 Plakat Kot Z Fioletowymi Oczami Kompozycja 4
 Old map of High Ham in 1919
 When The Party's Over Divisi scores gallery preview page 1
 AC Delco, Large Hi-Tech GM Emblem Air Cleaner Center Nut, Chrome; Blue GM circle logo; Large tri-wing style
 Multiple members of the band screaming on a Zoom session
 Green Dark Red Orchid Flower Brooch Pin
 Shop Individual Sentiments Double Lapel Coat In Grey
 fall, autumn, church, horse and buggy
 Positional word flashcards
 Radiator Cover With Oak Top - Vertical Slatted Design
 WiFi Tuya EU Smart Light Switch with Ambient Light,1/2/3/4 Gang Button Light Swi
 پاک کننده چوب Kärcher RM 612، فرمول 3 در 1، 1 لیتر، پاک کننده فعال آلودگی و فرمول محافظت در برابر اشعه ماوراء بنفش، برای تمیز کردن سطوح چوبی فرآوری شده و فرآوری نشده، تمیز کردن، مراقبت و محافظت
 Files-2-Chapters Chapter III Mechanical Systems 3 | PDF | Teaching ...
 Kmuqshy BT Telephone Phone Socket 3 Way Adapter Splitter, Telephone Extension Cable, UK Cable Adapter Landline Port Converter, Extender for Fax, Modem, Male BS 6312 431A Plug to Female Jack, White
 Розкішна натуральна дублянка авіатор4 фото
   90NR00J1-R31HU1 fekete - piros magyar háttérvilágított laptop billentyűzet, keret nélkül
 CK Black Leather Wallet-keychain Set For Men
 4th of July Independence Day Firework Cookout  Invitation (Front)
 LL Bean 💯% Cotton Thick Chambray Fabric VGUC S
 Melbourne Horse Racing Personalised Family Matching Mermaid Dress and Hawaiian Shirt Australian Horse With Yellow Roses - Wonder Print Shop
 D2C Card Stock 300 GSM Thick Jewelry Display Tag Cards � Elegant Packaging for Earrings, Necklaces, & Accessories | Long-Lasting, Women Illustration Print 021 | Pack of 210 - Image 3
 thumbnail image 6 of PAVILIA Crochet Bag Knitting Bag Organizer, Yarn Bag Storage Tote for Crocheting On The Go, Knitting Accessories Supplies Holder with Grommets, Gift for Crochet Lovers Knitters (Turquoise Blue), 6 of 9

*Your assignment*
From the data above, output exactly the lines between the one containing "fall, autumn, church, horse and buggy" and the one containing "Files-2-Chapters Chapter III", counting both of them.

*Solution to the problem*
 fall, autumn, church, horse and buggy
 Positional word flashcards
 Radiator Cover With Oak Top - Vertical Slatted Design
 WiFi Tuya EU Smart Light Switch with Ambient Light,1/2/3/4 Gang Button Light Swi
 پاک کننده چوب Kärcher RM 612، فرمول 3 در 1، 1 لیتر، پاک کننده فعال آلودگی و فرمول محافظت در برابر اشعه ماوراء بنفش، برای تمیز کردن سطوح چوبی فرآوری شده و فرآوری نشده، تمیز کردن، مراقبت و محافظت
 Files-2-Chapters Chapter III Mechanical Systems 3 | PDF | Teaching ...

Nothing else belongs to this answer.